I’ve crocheted a cardigan before so I figured why not try to make my own sweater. That project was the inspiration for this blog post.

Start with the basics

Now, that you have decided what item you want to make you need to ask yourself a few basic questions.

1. What kind of stitches will you use?

I would suggest you start making something using a combination of the basic crochet stitches.

Basic Crochet Stitches:

  • Single crochet
  • Half double crochet
  • Double crochet
  • Treble crochet

These stitches can be used in combination to make interesting patterns and textures or you can use just one specific stitch. It just depends on the look you are going for.

Other ways you can add texture to your work are by using the following types of stitches:

  • Stitching in the front or back loops only (ribbed effect)
  • Shell stitches
  • V stitches
  • Post stitches

Remember you can use any combination of stitches that you want in your design.

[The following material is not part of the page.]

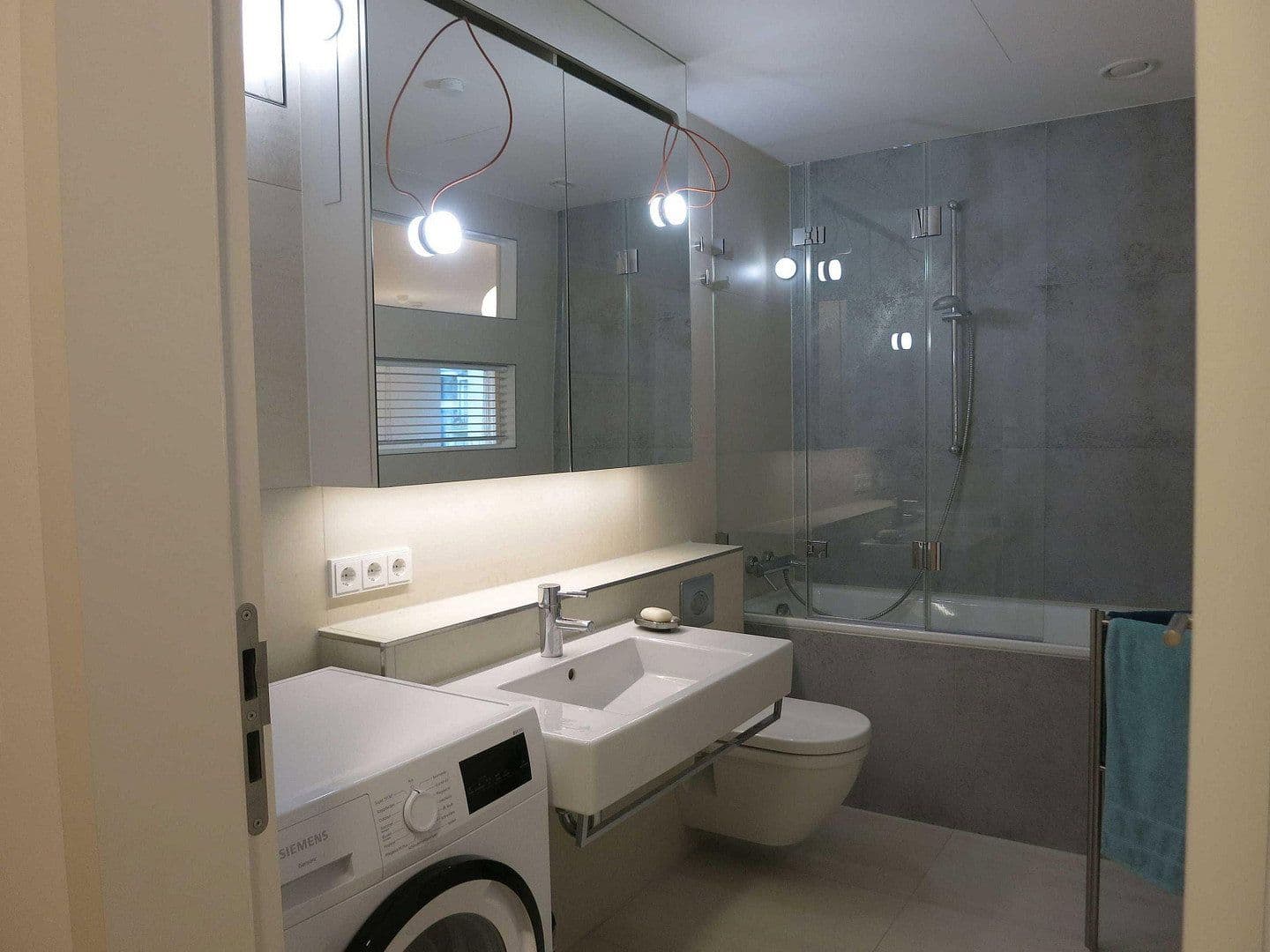 Prenájom bytu 2-izbový 81 m², Berlin, Berlín Prenájom bytu 2-izbový 81 m², Berlin, Berlín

Just make sure it is something that you are comfortable with and something that you can explain to somebody else.

To create a crocheted replica of the sweater I used single and double crochet stitches.

I used single crochet stitches at the base and the rest was made using double crochet stitches and single stitches for the border.

2. Are there any special skills you need to complete your work?

As a beginner, you might not know many of the advanced stitches, but don’t let that stop you.

However, there are still some basic skills that you need to make sure you freshen up on before you start creating your work.

For instance, will you be using one color or will you be using multiple colors? If you are using multiple colors you will need to make sure that you know how to change colors.

If you are going for a ribbed look, do you know the difference between the front loop and the back loops?

When you get to the end of your row how many chains do you need to do create before you turn the work so that your stitches are the same height?

To an experienced crocheter these may not seem like special skills, but if you’re a novice they are skills that are essential to your success as a designer and a pattern maker.

When I decided to create a crocheted replica of my shirt I had to know how to change colors, how to increase and decrease stitches and how to sew the two panels together.

All of these are basic skills, but I usually make blankets or scarves, which usually don’t require you to increase or decrease stitches nor do they require you to sew two pieces together.

3. What type of yarn will you need?

The next piece of information you will need is what type of yarn will you use? If you are making a dishcloth you will want to use something absorbent like cotton yarn.

If you are making a blanket or scarf acrylic or wool yarn would work just fine.

Most crocheted items are used making size 4 yarn. But maybe you want something super warm and squishy, then a bulky or super bulky yarn would work best.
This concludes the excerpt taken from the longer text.